The size of the Acquisition and consequent fundamental change in the Company's
business give rise, inter alia, to the requirement that the Company applies for
re-admission to AIM.



Extraordinary General Meeting

An extraordinary general meeting of the Company has been convened for 11 am on
21 October 2005, to be held at New Broad Street House, 35 New Broad Street,
London, EC2M 1NH.  At the EGM, Shareholders will be asked to consider the
Resolutions, which will be proposed as follows:

(a) to increase the authorised share capital of the Company to #7,500,000 by the
creation of 50,000,000 new ordinary shares;

(b) to approve the Acquisition for the purposes of Rule 14 of the AIM Rules;

(c) to grant authority to allot the Placing Shares;

(d) to disapply statutory pre-emption rights;

(e) to adopt new articles of association.


Resolutions (d) and (e) are special resolutions, are conditional on Admission,
and to be passed require a majority of not less than 75 per cent. of the
Shareholders of the Company voting in person or on a poll by proxy in favour. If
the Resolutions are not passed none of the Proposals can be implemented.


General

The Circular, which sets out the principal terms of the Acquisition and the
Placing and contains the notice of the EGM will be sent to Shareholders later
today.

Copies of the Circular are available free of charge during normal business hours
on any weekday (Saturdays, Sundays and public holidays excepted) from the
offices of KPMG Corporate Finance, 1 The Embankment, Neville Street, Leeds, LS1
4DW from today until the date falling one month from the admission date.

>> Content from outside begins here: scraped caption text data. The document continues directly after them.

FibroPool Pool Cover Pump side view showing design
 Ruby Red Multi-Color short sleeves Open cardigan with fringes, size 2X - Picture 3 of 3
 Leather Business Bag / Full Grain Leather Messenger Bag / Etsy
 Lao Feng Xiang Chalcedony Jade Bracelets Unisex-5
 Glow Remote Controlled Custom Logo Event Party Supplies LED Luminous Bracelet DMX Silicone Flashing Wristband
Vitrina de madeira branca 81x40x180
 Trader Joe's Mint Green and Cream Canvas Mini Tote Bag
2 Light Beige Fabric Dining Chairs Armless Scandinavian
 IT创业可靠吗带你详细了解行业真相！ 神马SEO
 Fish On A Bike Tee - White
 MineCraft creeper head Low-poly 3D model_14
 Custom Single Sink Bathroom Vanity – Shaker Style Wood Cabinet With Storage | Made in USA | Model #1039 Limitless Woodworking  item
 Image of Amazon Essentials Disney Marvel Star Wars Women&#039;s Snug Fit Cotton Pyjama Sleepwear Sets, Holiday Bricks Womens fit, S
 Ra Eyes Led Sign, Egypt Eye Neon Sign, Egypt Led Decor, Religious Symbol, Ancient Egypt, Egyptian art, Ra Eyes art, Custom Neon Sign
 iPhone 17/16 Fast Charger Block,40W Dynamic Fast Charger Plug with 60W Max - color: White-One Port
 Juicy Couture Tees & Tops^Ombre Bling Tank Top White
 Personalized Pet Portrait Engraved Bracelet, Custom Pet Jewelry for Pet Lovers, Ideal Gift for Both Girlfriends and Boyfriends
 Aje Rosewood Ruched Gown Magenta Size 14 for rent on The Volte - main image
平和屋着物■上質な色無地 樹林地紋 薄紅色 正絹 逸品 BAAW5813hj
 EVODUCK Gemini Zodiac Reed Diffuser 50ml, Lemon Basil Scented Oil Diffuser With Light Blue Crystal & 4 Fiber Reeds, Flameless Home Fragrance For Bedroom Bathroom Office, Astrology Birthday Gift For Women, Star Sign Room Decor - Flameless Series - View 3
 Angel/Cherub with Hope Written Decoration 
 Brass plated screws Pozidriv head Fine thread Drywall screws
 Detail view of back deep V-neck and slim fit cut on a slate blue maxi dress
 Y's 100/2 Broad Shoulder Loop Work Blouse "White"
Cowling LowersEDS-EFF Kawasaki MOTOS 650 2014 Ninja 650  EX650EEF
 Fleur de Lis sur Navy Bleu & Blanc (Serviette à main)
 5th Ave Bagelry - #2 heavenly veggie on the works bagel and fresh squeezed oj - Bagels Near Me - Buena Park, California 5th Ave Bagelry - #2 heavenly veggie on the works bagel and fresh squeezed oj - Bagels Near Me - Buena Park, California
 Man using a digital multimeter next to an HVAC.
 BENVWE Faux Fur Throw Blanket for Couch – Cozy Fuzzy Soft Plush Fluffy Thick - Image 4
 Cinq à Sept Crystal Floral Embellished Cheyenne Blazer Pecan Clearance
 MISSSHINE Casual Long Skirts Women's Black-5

Expected Timetable of Principal Events

Latest time and date for receipt of completed Forms of Proxy         11am on 19 October 2005

Extraordinary General Meeting                                        11am on 21 October 2005

Completion of the Acquisition                                                24 October 2005

Admission and dealings to commence in the Existing Ordinary        8:00am on 24 October 2005
Shares and Placing Shares on AIM

Delivery in CREST of Placing Shares to be held in uncertificated             24 October 2005
form

Despatch of definitive share certificates in respect of Placing              31 October 2005
Shares to be held in certificated form by



Commenting on today's announcement, John Kembery, Executive Chairman of
Belgravium Technologies said:



"Belgravium has been consistent in its search for a high quality acquisition
over the past few years and is delighted to have found what the Board believes
to be a business which demonstrates real synergy with both Belgravium and its
markets.



In its own right, Touchstar has an excellent reputation in the global airline
and fuel distribution markets where its strong product portfolio has seen it
secure a number of high profile client relationships. However, the acquisition
of Touchstar will also enable Belgravium to market its products to a new
distribution network and into a number of new vertical markets. In addition, it
is hoped that the Acquisition will strengthen the Company's presence abroad,
offering Belgravium new opportunities in the USA, Europe and Australia.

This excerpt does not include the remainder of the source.